Spring Onion Lemon Orecchiette | AreYouKitchenMe.com

When veggies are just beginning to peak their tender heads through the dirt, I like to treat them delicately and simply. But since we’re still not out of the cool evening season yet, I thought a warm pasta would be a great way to let the juxtaposition of spring shine. To be honest, I think you could also get away with serving this cool pasta salad-like lunch or side.

Spring Onion Lemon Orecchiette | AreYouKitchenMe.com

I chose orecchiette because of its fun shape and knack for cradling little peas, but pick whichever small noodles are taking up space in the back of your pantry. And if orecchiette sounds fancy and expensive, you should know that I picked up this bag for $2.19 at Aldi. Ballin’ on a budget, y’all.
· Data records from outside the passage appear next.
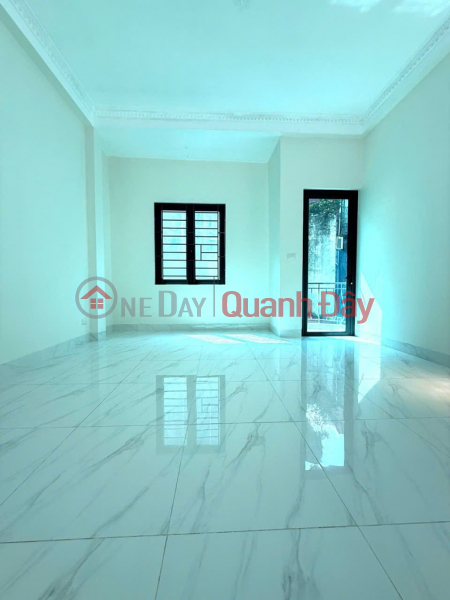 đ 15,7 tỷ Tô Vĩnh Diện 59m 5 tầng, 2 thoáng, phân lô, sát ô tô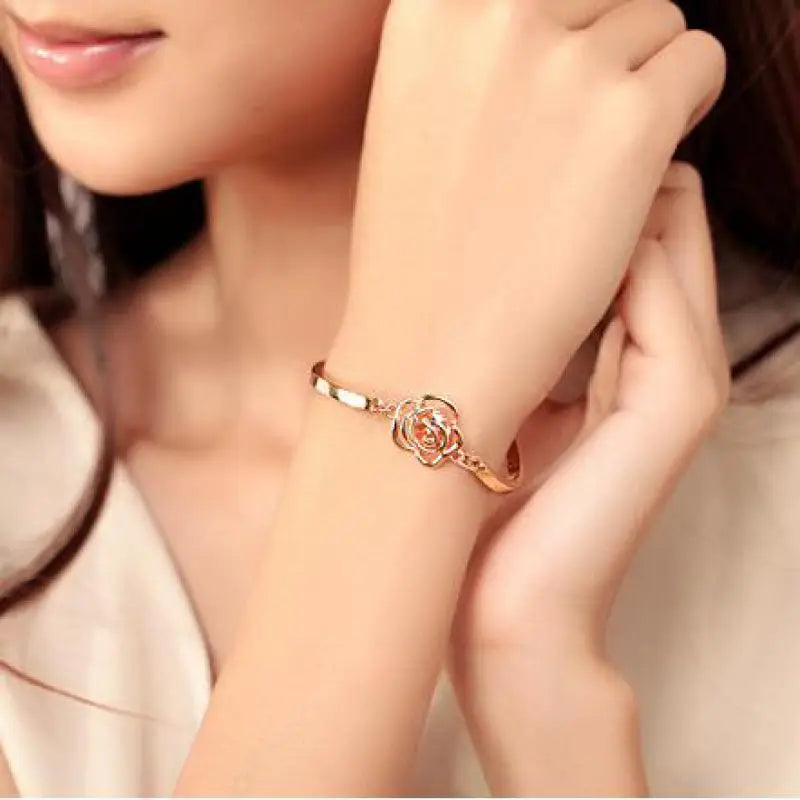 Camellia Rhinestone Chain Bracelet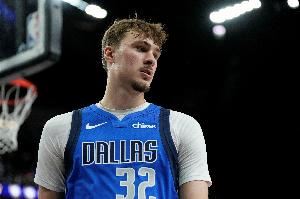 浓眉:弗拉格面对逆境应对得很棒 NBA赛季就像在坐过山车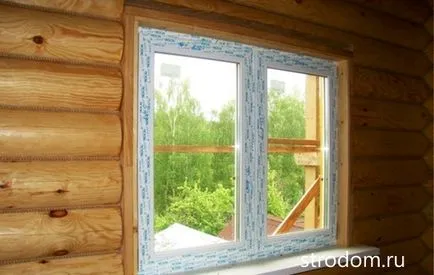 Okosyachka cu mâinile lor într-o casă de lemn (casa) Okosyachka cu mâinile lor într-o casă de lemn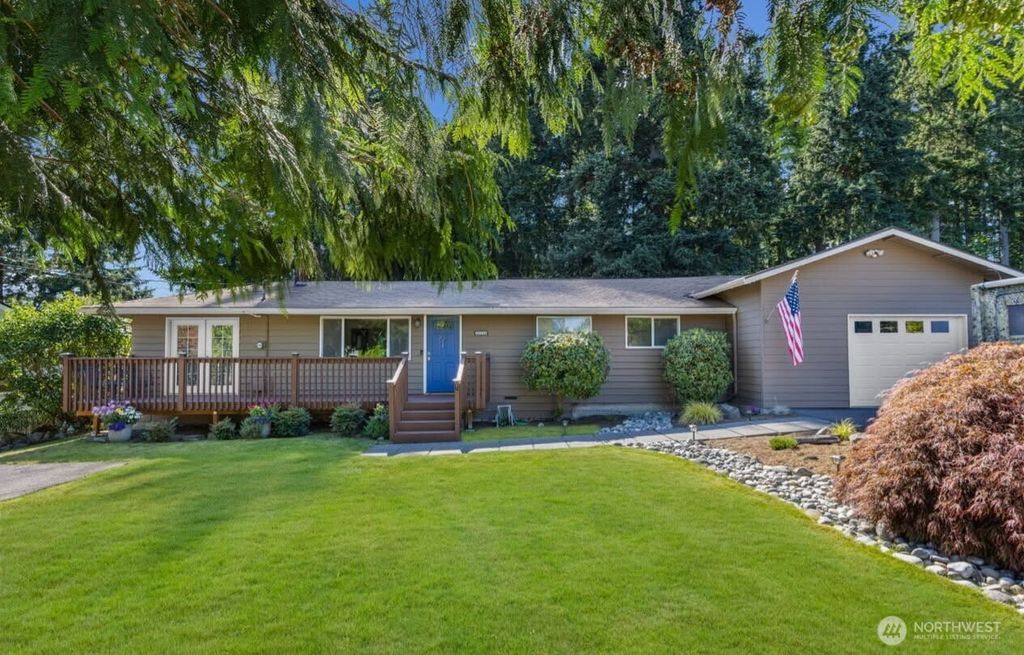 Photo of 23318 3rd Place W, Bothell, WA 98021 (MLS # 2435835)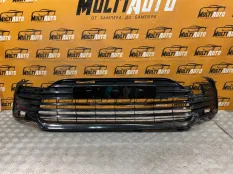 Решетка в бампер передняя Toyota Camry 70 2020-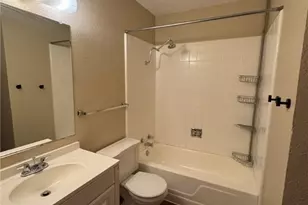 815 Burges St, Seguin, TX 78155 - Photo 8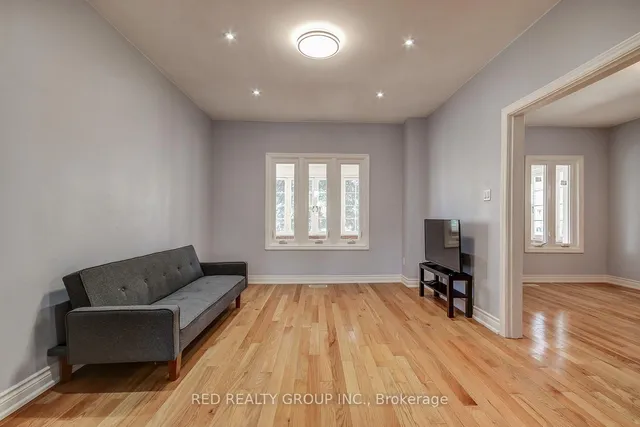Additional image 8 of 1587 Dufferin St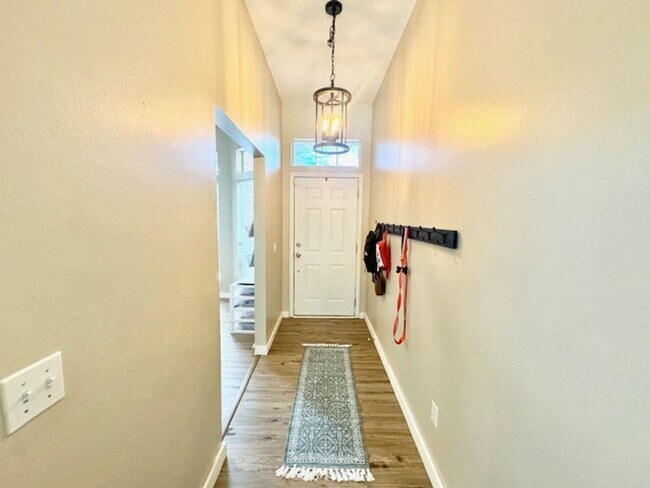 Foto del edificio - 4233 Shadow Ln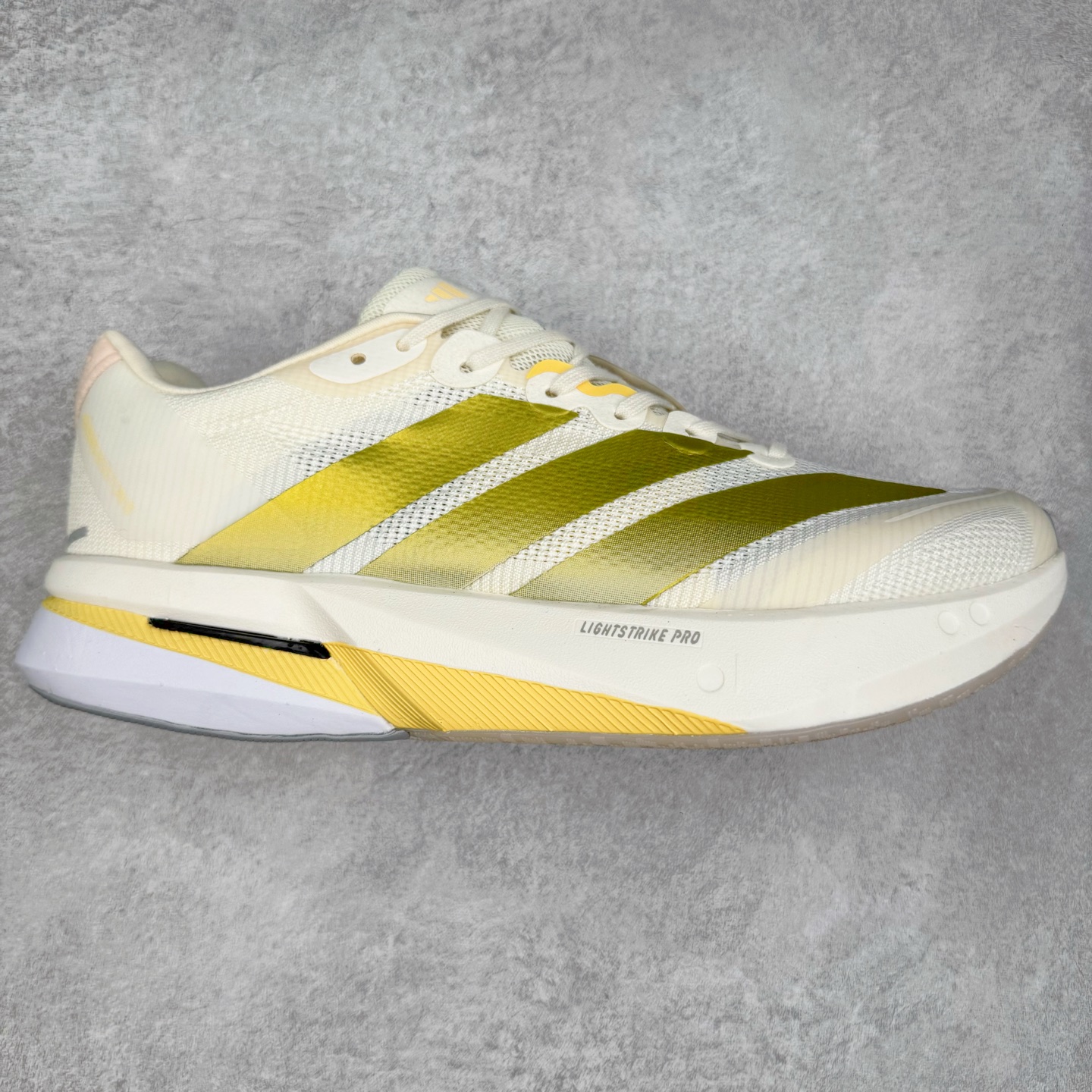 AD Adizero Boston 13 夏季透气网眼竞速跑鞋 JS4952 融合Lightstrike和Lightstrike Pro技术 采用乙烯/乙酸乙烯酯(EVA)材质 打造舒适中底 含ENERGYROD能量碳柱 旨在为步伐添活力 尺码:36 36.5 37 38 38.5 39 40 40.5 41 42 42.5 43 44 44.5 45-选品中心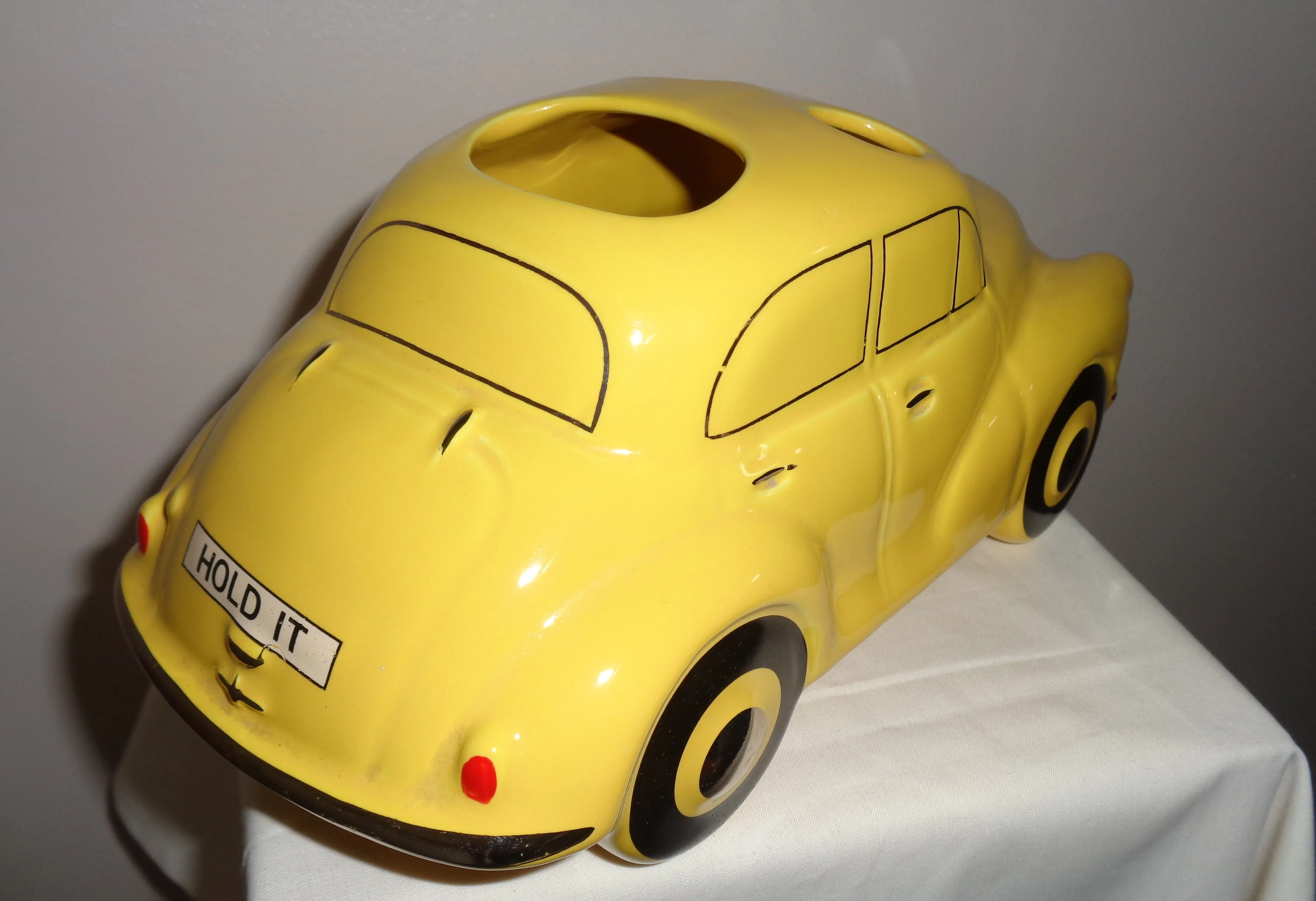 Yellow Morris Minor Sadler Hold It Desk Tidy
Spring Onion Lemon Orecchiette

Prep Time: 10 minutes

Cook Time: 15 minutes

Total Time: 25 minutes

Yield: 6-8 servings

Farmers market season is kicking into gear and I’m celebrating with a light and fresh pasta! Spring Onion Lemon Orecchiette embraces the bright and warm feelings of spring!

Ingredients

  • 1 lb. orecchiette or other small pasta
  • 1 bunch spring onions, thinly sliced
  • 2 cloves garlic, minced
  • 1 yellow squash or zucchini, chopped small*
  • 2 cups green peas, fresh or frozen + thawed
  • 2 Tbs. olive oil, divided
  • 4 Tbs. butter (I use Earth Balance)
  • Zest and juice of 1 lemon
  • 1/3 cup chopped parsley
  • 1/3 cup freshly grated Parmesan (I use Violife), plus more for topping

Instructions

  1. In a large pot, bring heavily salted water to a boil. (It should taste like sea water!) Add the pasta and cook according to package directions, about 12 minutes.
  2. Meanwhile, heat a large pan over medium heat and add 1 Tbs. of oil, the onions, and ¼ tsp. of salt. Sautee for 4 minutes, until just softened. Add the garlic and cook for a minute more, stirring constantly. Remove the onions and garlic to a separate bowl and add the second tablespoon of oil, the zucchini, and another ¼ tsp. salt to the pan. Sautee for 7 minutes, until softened but not mushy. Add the squash to the bowl with the onions.
  3. Add the butter to the pan and allow it to melt. Once melted, add lemon zest, juice, and all the veggies to the pan.
  4. Drain the pasta and add it to the pan. Toss in the parsley and grated cheese and season with salt and pepper. Taste and adjust seasoning. Serve warm.

Notes

When chopping the zucchini or squash, I recommend cutting out the center seedy core. It gets sot and watery and just doesn’t belong in this dish.